Materials provided |
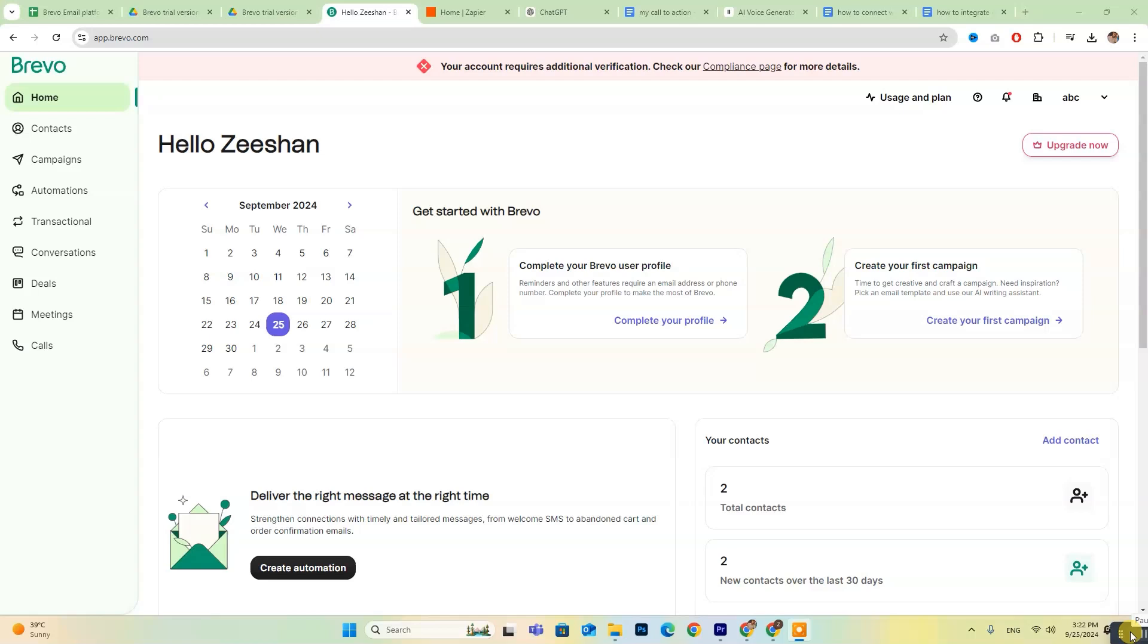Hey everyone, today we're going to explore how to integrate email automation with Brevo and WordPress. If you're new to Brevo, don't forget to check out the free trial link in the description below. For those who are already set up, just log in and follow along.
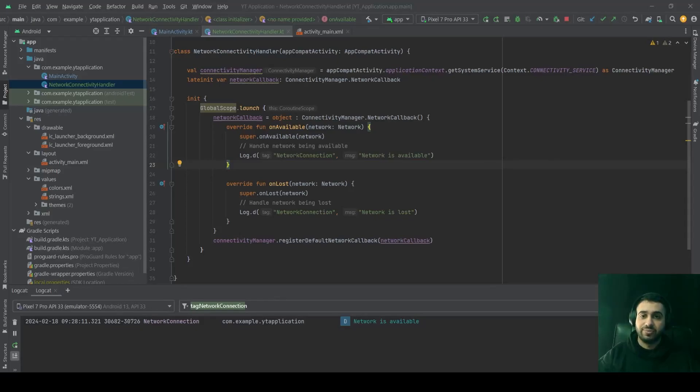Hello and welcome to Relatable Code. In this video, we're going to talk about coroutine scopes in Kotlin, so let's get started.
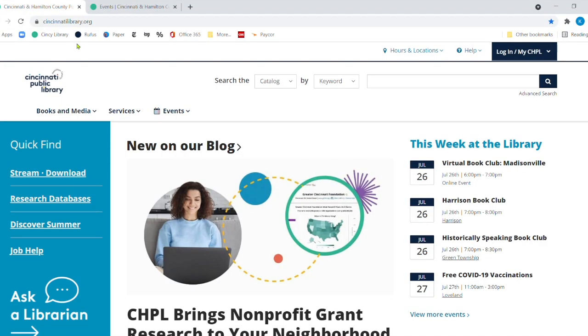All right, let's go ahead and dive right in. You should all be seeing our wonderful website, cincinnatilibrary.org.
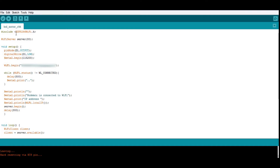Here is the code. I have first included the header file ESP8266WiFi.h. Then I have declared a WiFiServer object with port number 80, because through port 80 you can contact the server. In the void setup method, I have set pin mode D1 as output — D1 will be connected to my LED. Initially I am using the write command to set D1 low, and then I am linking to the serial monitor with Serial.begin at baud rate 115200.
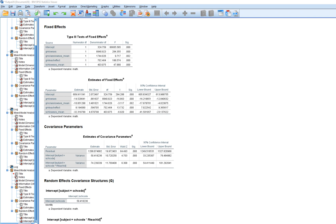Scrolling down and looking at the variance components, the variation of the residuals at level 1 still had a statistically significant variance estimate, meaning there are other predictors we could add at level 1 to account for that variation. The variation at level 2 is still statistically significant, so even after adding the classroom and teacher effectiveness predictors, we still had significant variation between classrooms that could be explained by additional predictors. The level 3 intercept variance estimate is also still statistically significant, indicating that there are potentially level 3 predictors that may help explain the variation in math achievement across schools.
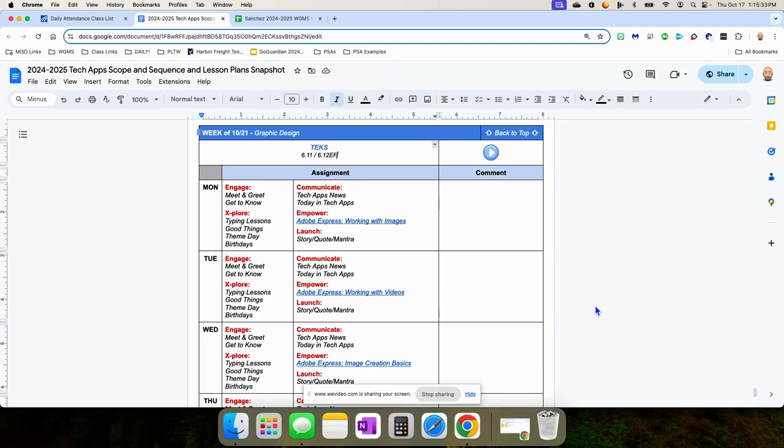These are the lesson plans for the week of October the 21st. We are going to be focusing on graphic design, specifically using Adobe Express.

Work request | All lines from the one with "Hello and welcome" through the end of the records above must be reproduced exactly, both ends included, and the pictures must be left out.

Written answer |
Hello and welcome to Relatable Code. In this video, we're going to talk about coroutine scopes in Kotlin, so let's get started.
All right, let's go ahead and dive right in. You should all be seeing our wonderful website, cincinnatilibrary.org.
Here is the code. I have first included the header file ESP8266WiFi.h. Then I have declared a WiFiServer object with port number 80, because through port 80 you can contact the server. In the void setup method, I have set pin mode D1 as output — D1 will be connected to my LED. Initially I am using the write command to set D1 low, and then I am linking to the serial monitor with Serial.begin at baud rate 115200.
Scrolling down and looking at the variance components, the variation of the residuals at level 1 still had a statistically significant variance estimate, meaning there are other predictors we could add at level 1 to account for that variation. The variation at level 2 is still statistically significant, so even after adding the classroom and teacher effectiveness predictors, we still had significant variation between classrooms that could be explained by additional predictors. The level 3 intercept variance estimate is also still statistically significant, indicating that there are potentially level 3 predictors that may help explain the variation in math achievement across schools.
These are the lesson plans for the week of October the 21st. We are going to be focusing on graphic design, specifically using Adobe Express.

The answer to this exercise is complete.